Untitled

### Setup

Pick a random toxic waste.

`α`

Generate t+1 public key tuple.

`PK = (G, αG, (α^2)G, ... (α^t)G)`

Generate the set for valid numbers [0,k) as polynomial, where t >= k.


`ϕ(x) = Π(x-j) = Σ(ϕ_j)(x^j)`

Commit to the polynomial.

`P = ϕ(α) = Σ(ϕ_j)(α^j)G`

Reference string `αG` and Point `P` which is a blind eveluation of polynomial `ϕ(x)` are stored on a public machine.


### Pedersen Commitment

Generate secondary independent group genarator.

`H = λG`

Note that `λ` is unknown and infeasible to calculate.

Commit to a number `i` which must be a root of the committed polynomial.

`C = iG+rH`

`r` is a random blinding factor that is only know by a player who prepares the commitment.

### Witness

`ψ(x) = (ϕ(x)-ϕ(i))/(x-i)`

Coefficients of `ψ(x)`, `(ψ_0, ψ_i, ... ψ_n)` can be calulated with O(nlogn) using FFT interpolation.

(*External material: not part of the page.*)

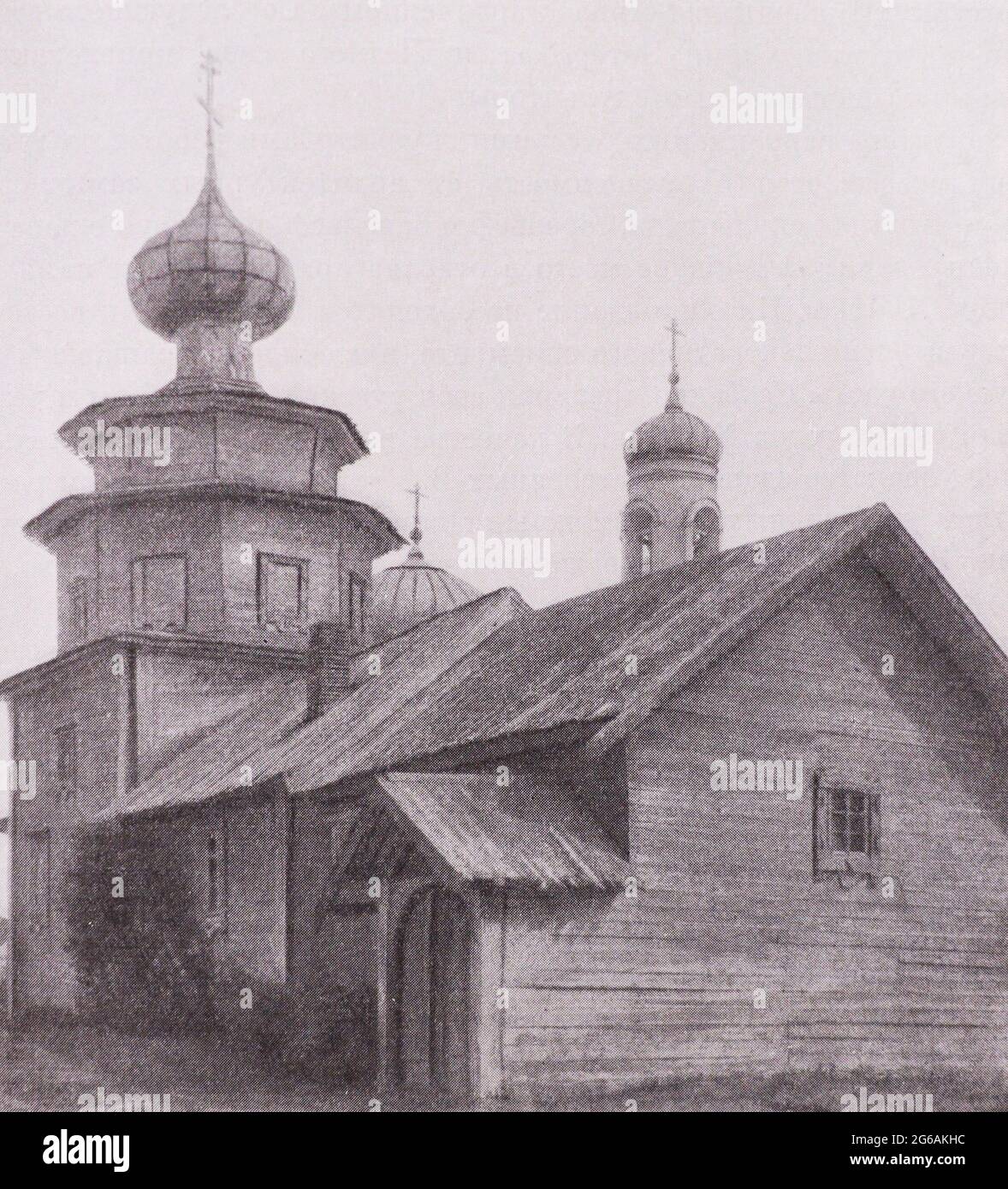 Chiesa di legno nel villaggio di Shizhneme, Leningrad Regione. Foto Stock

Set membership is defined as `ϕ(i) = 0`, so our equation becomes,

`ψ(x) = ϕ(x)/(x-i)`

And the witness point can be calculated as,

`W = ψ(α) = Σ(ψ_j)(α^j)G`


### Neutralizing

Given, public points `(P, αG)`  and witnesses `(W, iG)` the equation, `P = W(αG-iG)` can be satisfied.

`e(P,g) = e(W, (αG-iG))`

However, we use pedersen commitments `(iG+rH)` instead of plain public keys `iG`. So, we need to cut off `rH` part of the commitment.

```
e(P,g) = e(W,(αG-C))e(H,rW)
ϕ(α) = ψ(α)(α-(i+λr))+λrψ(α)
ϕ(α) = αψ(α)-iψ(α)
ϕ(α) = ψ(α)(α-i)
```

### Randomizing

At this point, a player who makes the commit should provide, `(W, C, rW)`

However, we don't want to reveal `W` without blinding, since our valid number set is so small to easily calculate the queried number `i`.

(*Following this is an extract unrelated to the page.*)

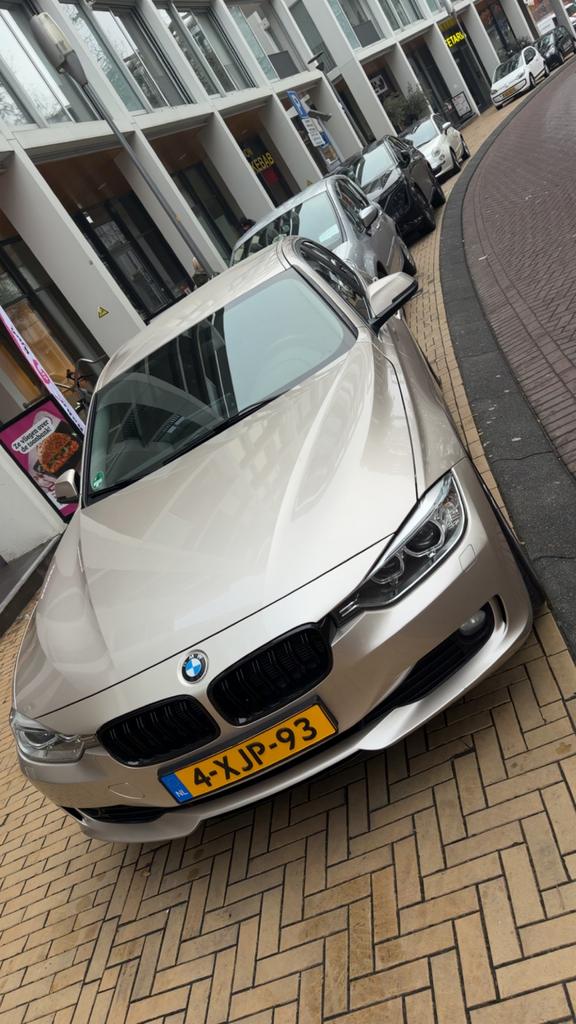 BMW 3-Serie 1.6I 320EDE 125KW Aut8 (f30) 2014 Grijs, Auto's, Achterwielaandrijving, 4 cilinders, 19 km/l, 170 pk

Player picks a random scalar `a` in order to randomize the witness.

```
A = ϕ(α)
B = ψ(α)(α-(i+λr))
C = λrψ(α)
A = B + C
aA = aB + aC
```

Pairing equation becomes,

```
e(aP,g) = e(aW,(αG-C))e(H,arW)
aϕ(α) = aψ(α)(α-(i+λr))+λarψ(α)
ϕ(α) = ψ(α)(α-(i+λr))+λrψ(α)
ϕ(α) = αψ(α)-iψ(α)
ϕ(α) = ψ(α)(α-i)
```

Now, the player must provide `(aP, aW, C, arW)` tuple for satisfy the equation.

Further, for the point `aP` in the proof tuple, the player also should provide knowlegde of `a` with a simple signature on P.